### Exercise requirements
Copy out each line of the entries where the word "Natural" is present.

(Data excerpts)

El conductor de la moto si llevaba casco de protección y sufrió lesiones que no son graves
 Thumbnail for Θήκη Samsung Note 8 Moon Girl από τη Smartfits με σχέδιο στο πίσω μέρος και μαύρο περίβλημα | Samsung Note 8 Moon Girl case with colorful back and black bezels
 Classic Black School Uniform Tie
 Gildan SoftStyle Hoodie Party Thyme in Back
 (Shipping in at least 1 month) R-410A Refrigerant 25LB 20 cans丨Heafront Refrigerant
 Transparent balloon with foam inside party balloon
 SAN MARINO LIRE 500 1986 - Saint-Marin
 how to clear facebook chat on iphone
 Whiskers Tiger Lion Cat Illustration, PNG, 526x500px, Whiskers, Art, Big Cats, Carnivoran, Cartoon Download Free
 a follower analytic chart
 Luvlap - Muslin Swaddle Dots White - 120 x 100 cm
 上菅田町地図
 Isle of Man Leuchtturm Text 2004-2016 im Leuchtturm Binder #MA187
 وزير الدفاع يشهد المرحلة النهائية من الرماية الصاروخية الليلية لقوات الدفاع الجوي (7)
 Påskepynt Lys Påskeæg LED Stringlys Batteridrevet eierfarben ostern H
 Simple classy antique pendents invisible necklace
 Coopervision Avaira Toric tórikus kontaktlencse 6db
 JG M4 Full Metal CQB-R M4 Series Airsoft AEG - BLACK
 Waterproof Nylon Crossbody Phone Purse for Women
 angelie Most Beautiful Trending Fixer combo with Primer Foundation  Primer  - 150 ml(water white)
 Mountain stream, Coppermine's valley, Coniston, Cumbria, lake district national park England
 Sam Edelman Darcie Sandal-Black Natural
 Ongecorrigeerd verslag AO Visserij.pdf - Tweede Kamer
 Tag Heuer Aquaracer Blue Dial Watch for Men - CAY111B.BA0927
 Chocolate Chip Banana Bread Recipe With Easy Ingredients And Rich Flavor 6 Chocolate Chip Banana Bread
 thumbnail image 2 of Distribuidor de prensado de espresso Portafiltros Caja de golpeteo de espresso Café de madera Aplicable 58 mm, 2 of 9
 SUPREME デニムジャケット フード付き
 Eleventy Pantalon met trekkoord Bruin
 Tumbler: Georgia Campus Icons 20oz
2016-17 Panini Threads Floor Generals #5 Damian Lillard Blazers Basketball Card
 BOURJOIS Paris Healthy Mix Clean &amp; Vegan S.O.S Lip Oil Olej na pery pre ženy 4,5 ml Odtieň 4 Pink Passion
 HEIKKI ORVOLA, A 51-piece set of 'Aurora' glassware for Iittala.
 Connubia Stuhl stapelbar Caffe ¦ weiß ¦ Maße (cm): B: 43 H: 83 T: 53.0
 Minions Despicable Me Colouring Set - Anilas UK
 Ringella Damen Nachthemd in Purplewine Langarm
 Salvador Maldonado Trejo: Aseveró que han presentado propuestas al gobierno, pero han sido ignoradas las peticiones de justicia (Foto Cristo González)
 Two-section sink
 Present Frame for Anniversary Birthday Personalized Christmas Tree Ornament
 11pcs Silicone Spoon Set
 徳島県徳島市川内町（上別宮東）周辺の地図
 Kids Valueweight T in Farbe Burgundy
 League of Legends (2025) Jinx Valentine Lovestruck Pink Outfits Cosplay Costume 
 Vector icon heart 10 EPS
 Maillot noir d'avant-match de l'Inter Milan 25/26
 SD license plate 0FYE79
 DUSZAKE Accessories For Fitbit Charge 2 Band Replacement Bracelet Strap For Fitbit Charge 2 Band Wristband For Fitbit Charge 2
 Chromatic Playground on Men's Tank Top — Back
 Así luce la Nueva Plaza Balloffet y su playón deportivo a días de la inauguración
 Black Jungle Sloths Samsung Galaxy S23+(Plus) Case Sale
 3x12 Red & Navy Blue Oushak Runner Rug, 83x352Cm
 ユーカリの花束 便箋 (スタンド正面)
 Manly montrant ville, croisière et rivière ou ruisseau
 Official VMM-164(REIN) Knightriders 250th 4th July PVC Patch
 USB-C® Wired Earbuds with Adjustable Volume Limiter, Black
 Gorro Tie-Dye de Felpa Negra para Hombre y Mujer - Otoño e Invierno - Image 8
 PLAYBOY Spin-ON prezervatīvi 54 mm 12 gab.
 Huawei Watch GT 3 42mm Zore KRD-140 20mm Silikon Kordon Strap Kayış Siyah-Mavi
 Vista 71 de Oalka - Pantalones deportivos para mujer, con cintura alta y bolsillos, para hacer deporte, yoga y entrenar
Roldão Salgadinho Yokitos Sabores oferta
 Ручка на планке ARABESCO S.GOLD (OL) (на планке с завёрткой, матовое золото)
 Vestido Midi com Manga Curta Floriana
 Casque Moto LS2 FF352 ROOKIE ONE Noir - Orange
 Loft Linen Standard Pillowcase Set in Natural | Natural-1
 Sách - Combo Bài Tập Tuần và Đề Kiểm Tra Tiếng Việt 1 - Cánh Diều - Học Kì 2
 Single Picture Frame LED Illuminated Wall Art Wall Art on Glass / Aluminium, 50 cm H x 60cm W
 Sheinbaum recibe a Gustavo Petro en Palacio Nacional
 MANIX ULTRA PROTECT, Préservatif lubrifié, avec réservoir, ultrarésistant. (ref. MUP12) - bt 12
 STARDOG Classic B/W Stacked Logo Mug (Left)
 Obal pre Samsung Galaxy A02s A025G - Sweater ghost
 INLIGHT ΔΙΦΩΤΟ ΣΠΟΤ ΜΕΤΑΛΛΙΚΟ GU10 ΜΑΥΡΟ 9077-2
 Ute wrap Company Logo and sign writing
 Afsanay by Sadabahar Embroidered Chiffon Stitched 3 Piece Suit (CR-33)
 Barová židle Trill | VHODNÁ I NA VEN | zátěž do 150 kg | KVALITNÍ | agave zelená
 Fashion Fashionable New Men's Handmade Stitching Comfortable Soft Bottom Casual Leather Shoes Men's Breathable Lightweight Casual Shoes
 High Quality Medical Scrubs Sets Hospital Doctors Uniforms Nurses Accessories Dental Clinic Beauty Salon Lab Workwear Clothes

(End Data excerpts)

### Result below
 Sam Edelman Darcie Sandal-Black Natural
 Loft Linen Standard Pillowcase Set in Natural | Natural-1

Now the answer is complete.